Determine the magnitude of the vector sum V=V1+V2 and the angle theta(x) which V makes counterclockwise from the positive x-axis.
V1 = 34 units and makes a 20 degree angle with the +x axis
V2 = 28 units and forms a 3,4,5 triangle with the -x axis
See previous post: Tue,8-26-14,10:29 PM.
To determine the magnitude of the vector sum V = V1 + V2 and the angle theta(x) that V makes counterclockwise from the positive x-axis, we can use vector addition and trigonometry.
1. Find the x-component and y-component of each vector:
- V1: Given that V1 has a magnitude of 34 units and makes a 20 degree angle with the +x axis, we can use trigonometry to find its x-component and y-component.

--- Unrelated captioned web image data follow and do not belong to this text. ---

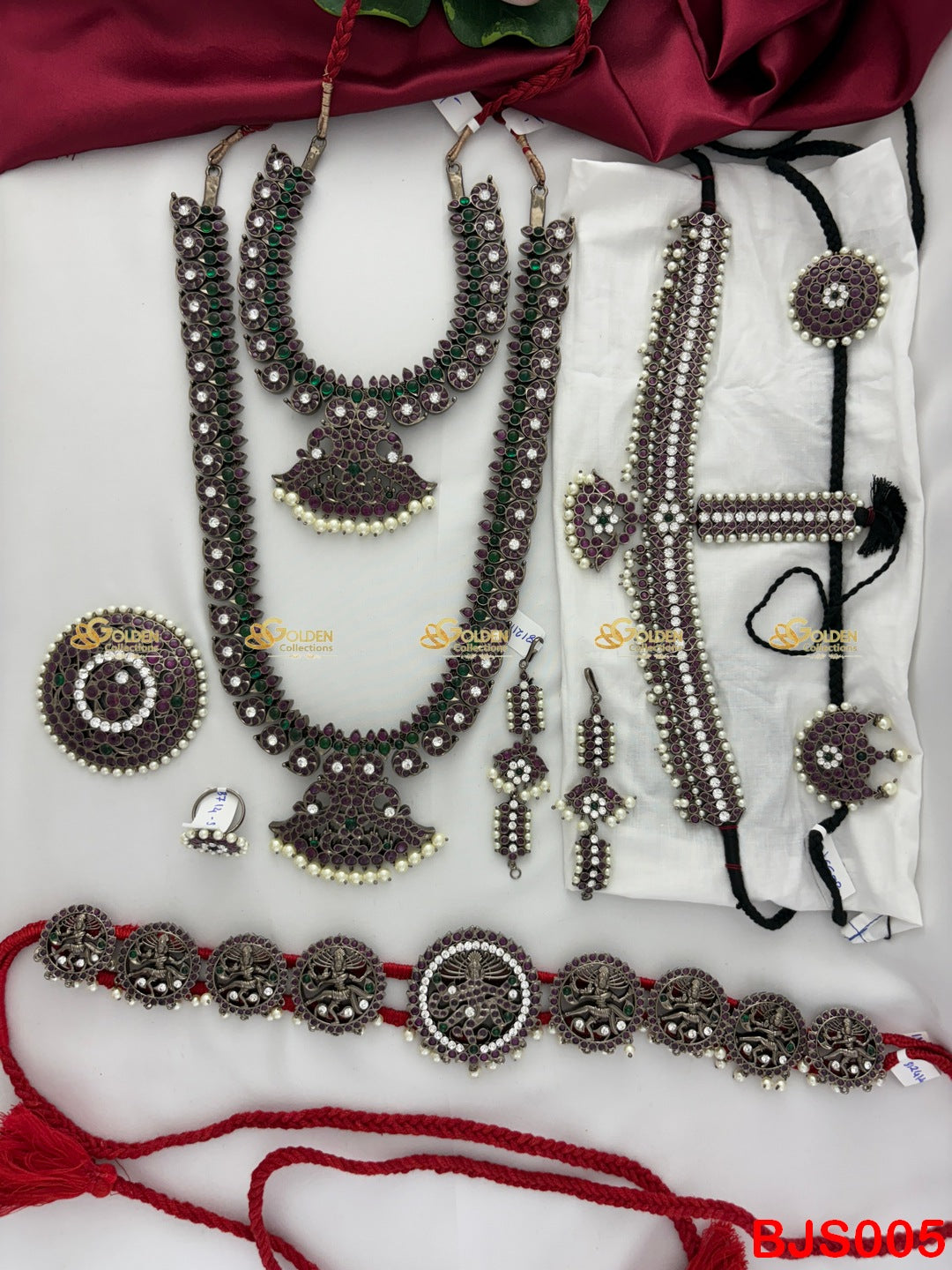 kemp black bharatanatyam jewellery set goddess vaddanam Goldencollections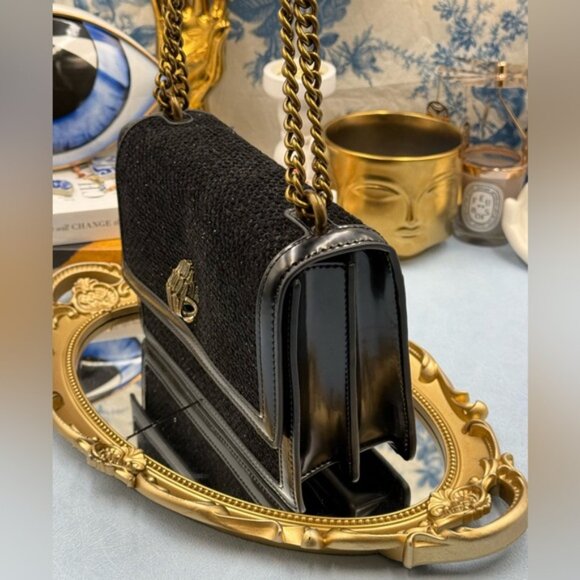 🆕 KURT GEIGER LONDON 🧿 NWOT Black Tweed Shoreditch Crossbody Bag - Picture 8 of 16
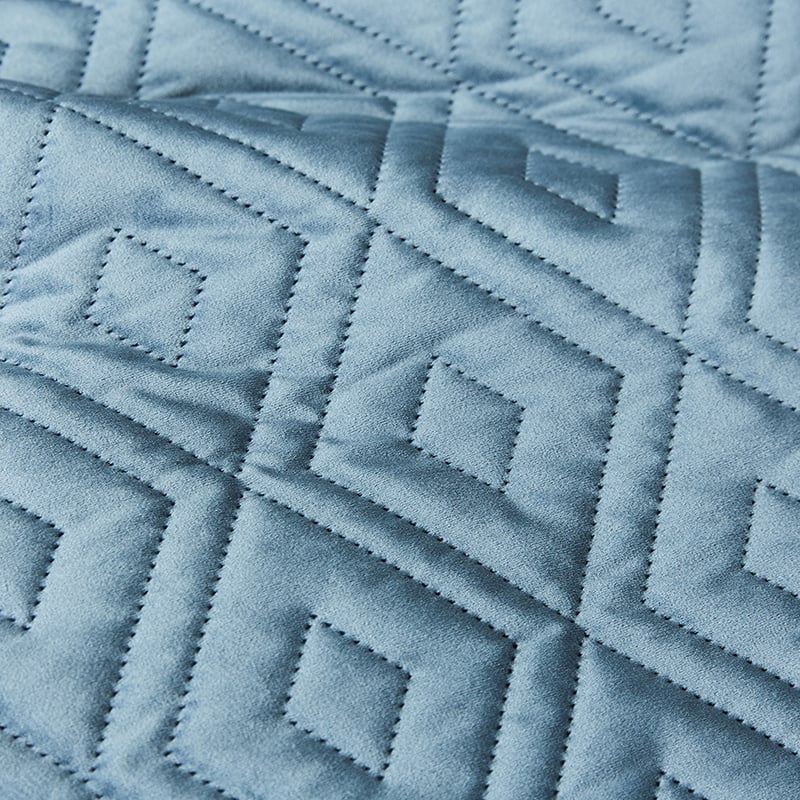 Aura Quilted Velvet Quilt Cover Air Force Blue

- x-component of V1 = magnitude of V1 * cos(angle) = 34 * cos(20°)
- y-component of V1 = magnitude of V1 * sin(angle) = 34 * sin(20°)
- V2: Given that V2 has a magnitude of 28 units and forms a 3, 4, 5 triangle with the -x axis, we can use the triangle's proportions to find its x-component and y-component.
- Since the triangle is 3, 4, 5, the x-component of V2 is -4/5 times the magnitude of V2 (-4/5 * 28)
- The y-component of V2 is -3/5 times the magnitude of V2 (-3/5 * 28)
2. Add the x-components and y-components of both vectors:
- Vx = x-component of V1 + x-component of V2
- Vy = y-component of V1 + y-component of V2
3. Calculate the magnitude of the vector sum V:
- Magnitude of V = sqrt(Vx^2 + Vy^2)
4. Calculate the angle theta(x) that V makes counterclockwise from the positive x-axis:
- Angle theta(x) = atan(Vy/Vx) (Inverse tangent of Vy/Vx)
Now let's perform the calculations:
V1:
- x-component of V1 = 34 * cos(20°)
- y-component of V1 = 34 * sin(20°)
V2:
- x-component of V2 = -4/5 * 28
- y-component of V2 = -3/5 * 28
Adding components:
- Vx = x-component of V1 + x-component of V2
- Vy = y-component of V1 + y-component of V2
Magnitude of V:
- Magnitude of V = sqrt(Vx^2 + Vy^2)
Angle theta(x):
- Theta(x) = atan(Vy/Vx)
Plug in the values and calculate the result.